### WORK REQUIRED
Leave out the images and repeat the listing below without a single change.
____________________
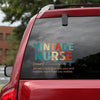 [sk0364-snf-tnt] Vintage Nurse Car Sticker - Camellia Print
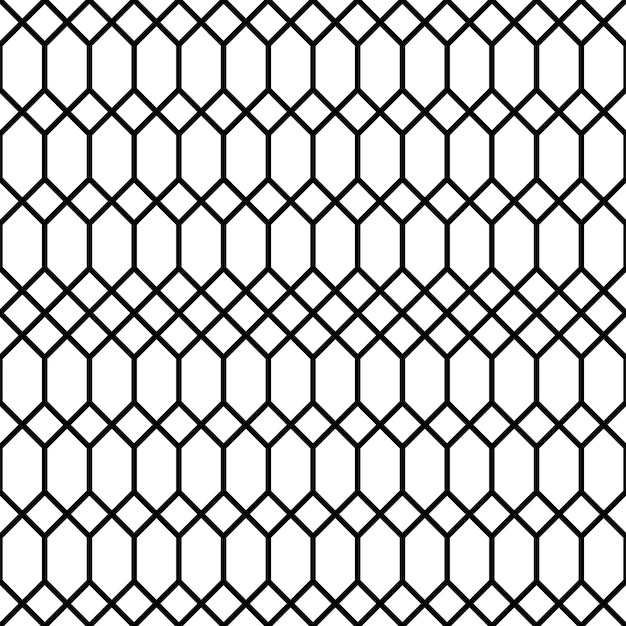 Seamless geometric pattern. Vector abstract classical background in black and white color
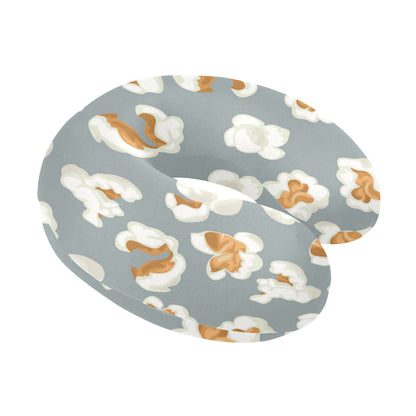 Popcorn Pattern Print Design A05 U-Shaped Travel Neck Pillow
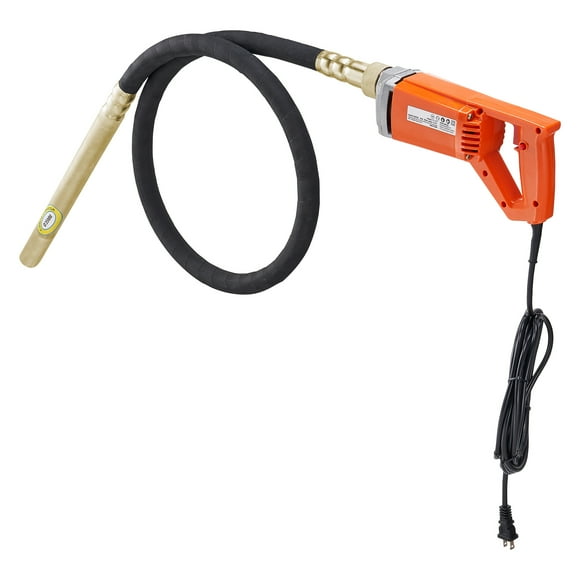 KFFKFF Handheld Concrete Mixer, 800W Power, 13000 VPM, with 2m Durable Flex Shaft, Ideal for Removing Air Bubbles & Mixing Concrete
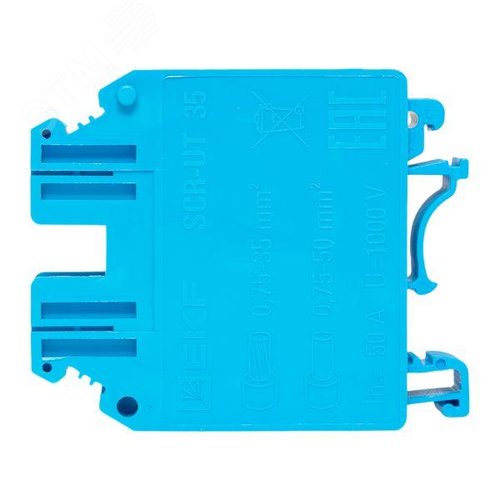 Клемма проходная винтовая UT 35 мм2 синяя EKF - фото 5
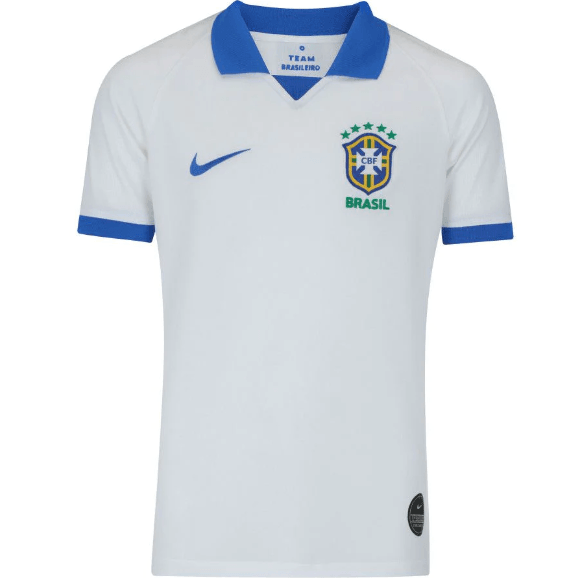 Camisa do Brasil Polo Branca 2 19/20 - Loja da Seven Oficial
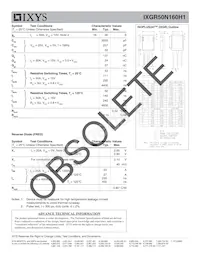 IXGR50N160H1 Datasheet Page 2
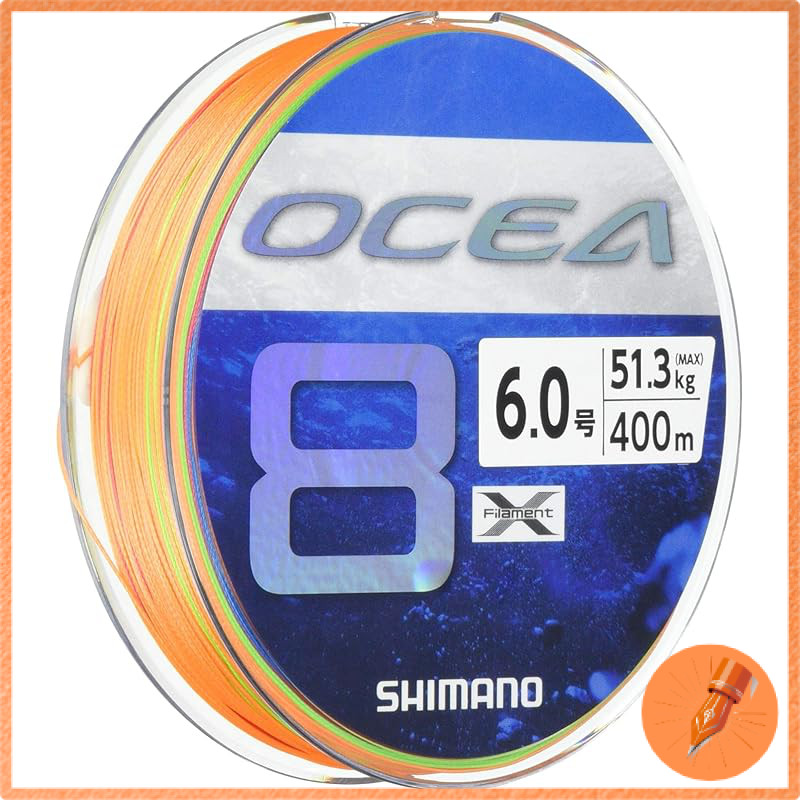 Shimano Ocea 8 Fishing Line 400m, 6.0号, 5 Colors, LD-A81S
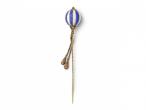 Antique Enamel Balloon Stick Pin in Yellow Gold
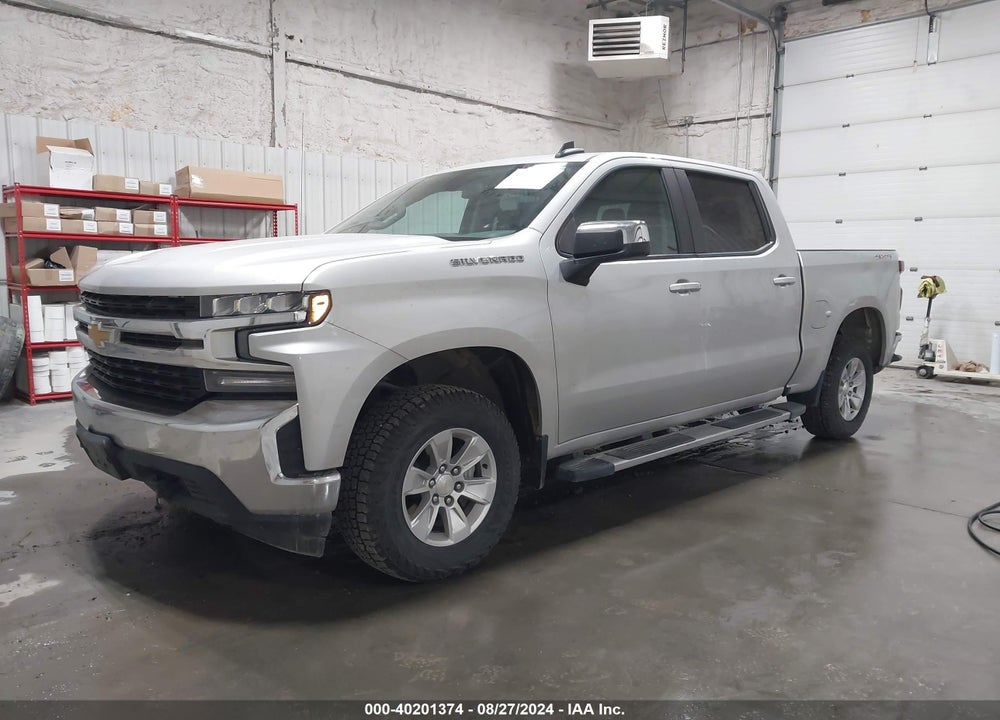 2021 CHEVROLET SILVERADO 1500 4WD SHORT BED LT VIN: 3GCUYDEDXMG207462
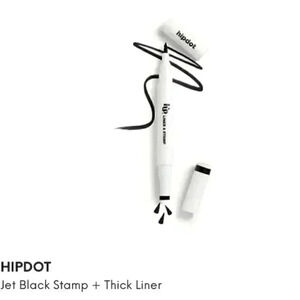 HIPDOT Jet Black Stamp+Thick Liner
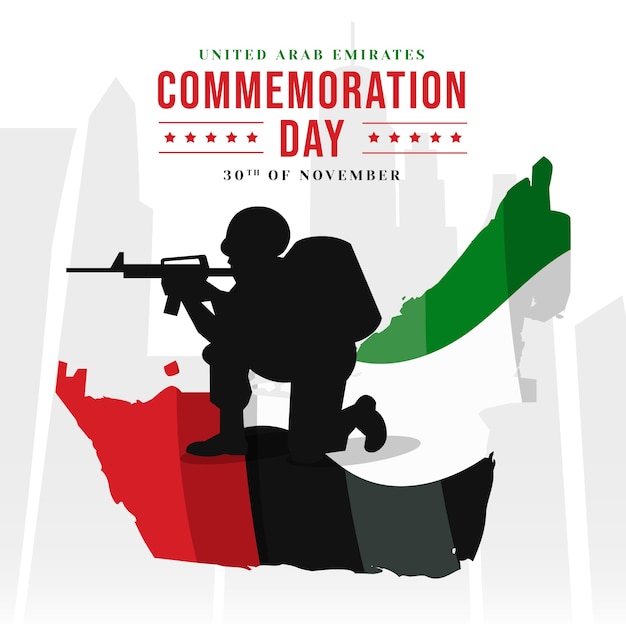 Free vector hand drawn flat commemoration day illustration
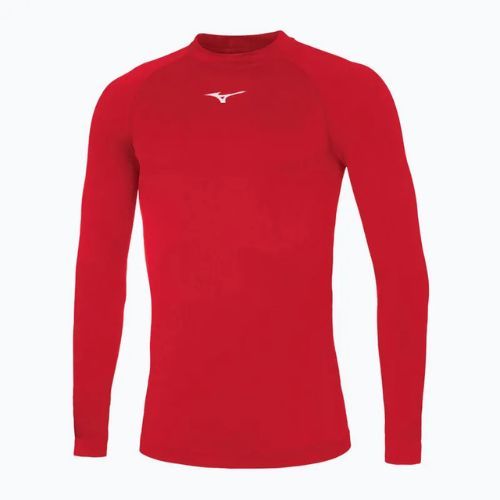 Férfi hosszú ujjú futófelső Mizuno Uni Core red/ white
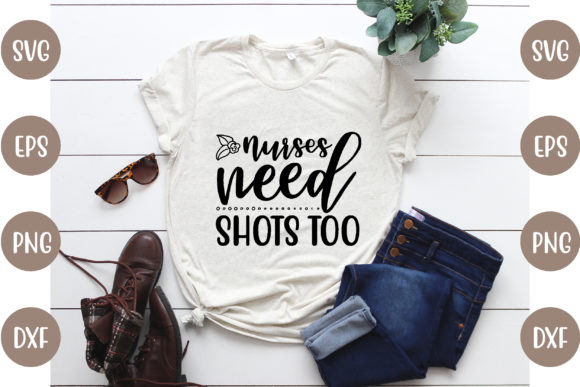Nurse Design Graphics for Crafts Branding
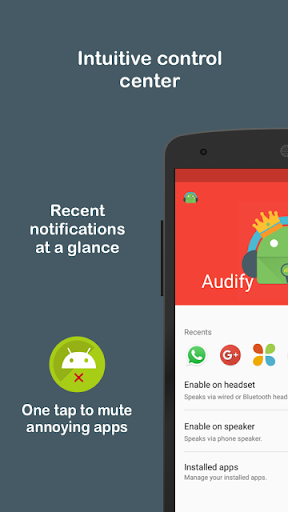 Audify Notification Announcer APK screenshot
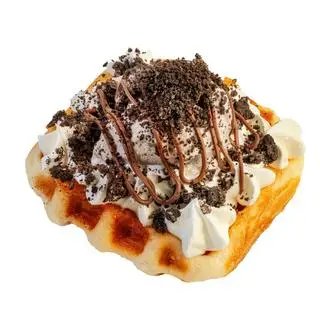Hình ảnh Waffle cookie oreo ice cream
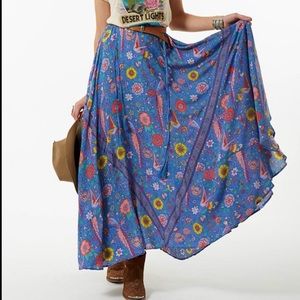 Spell lovebird half moon skirt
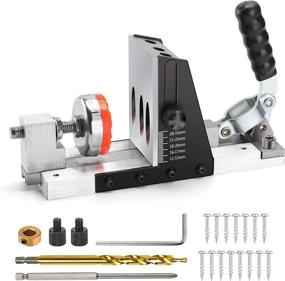 img 4 attached to 🔧 Enhance Your Woodworking with KINOVATION Pocket Hole Jig Kit – Unilateral Operation, Drill Dowel Joinery Set with Screwdriver, All-Metal Pocket Screw Jig for Homemade DIY Work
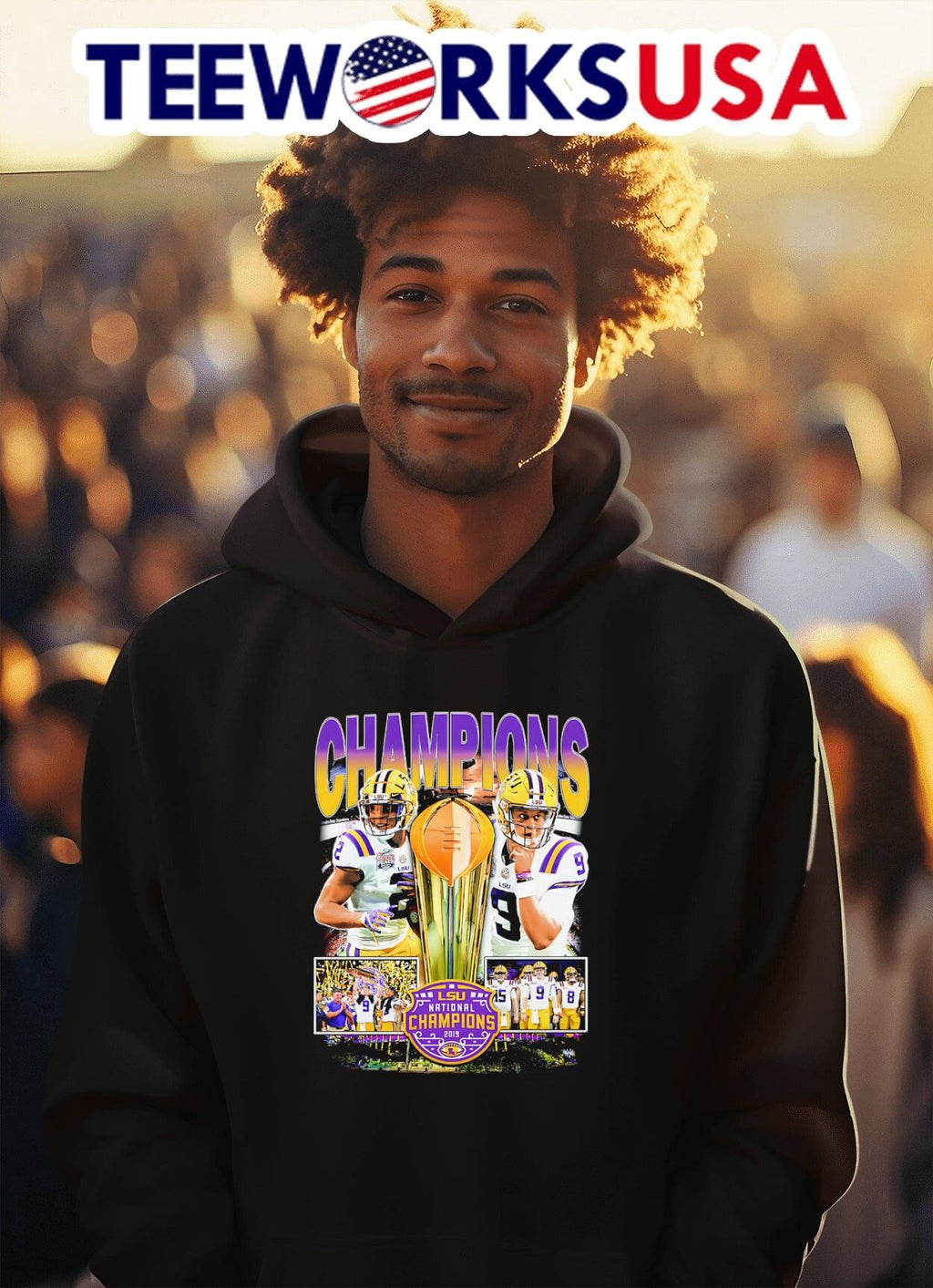 2019 LSU Championship graphic - Adult & Kids T-Shirts, Sweatshirts & Hoodies apparel design preview 2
____________________
### WORKED SOLUTION
 [sk0364-snf-tnt] Vintage Nurse Car Sticker - Camellia Print
 Seamless geometric pattern. Vector abstract classical background in black and white color
 Popcorn Pattern Print Design A05 U-Shaped Travel Neck Pillow
 KFFKFF Handheld Concrete Mixer, 800W Power, 13000 VPM, with 2m Durable Flex Shaft, Ideal for Removing Air Bubbles & Mixing Concrete
 Клемма проходная винтовая UT 35 мм2 синяя EKF - фото 5
 Camisa do Brasil Polo Branca 2 19/20 - Loja da Seven Oficial
 IXGR50N160H1 Datasheet Page 2
 Shimano Ocea 8 Fishing Line 400m, 6.0号, 5 Colors, LD-A81S
 Antique Enamel Balloon Stick Pin in Yellow Gold
 2021 CHEVROLET SILVERADO 1500 4WD SHORT BED LT VIN: 3GCUYDEDXMG207462
 HIPDOT Jet Black Stamp+Thick Liner
 Free vector hand drawn flat commemoration day illustration
 Férfi hosszú ujjú futófelső Mizuno Uni Core red/ white
Nurse Design Graphics for Crafts Branding
 Audify Notification Announcer APK screenshot
Hình ảnh Waffle cookie oreo ice cream
 Spell lovebird half moon skirt
 img 4 attached to 🔧 Enhance Your Woodworking with KINOVATION Pocket Hole Jig Kit – Unilateral Operation, Drill Dowel Joinery Set with Screwdriver, All-Metal Pocket Screw Jig for Homemade DIY Work
 2019 LSU Championship graphic - Adult & Kids T-Shirts, Sweatshirts & Hoodies apparel design preview 2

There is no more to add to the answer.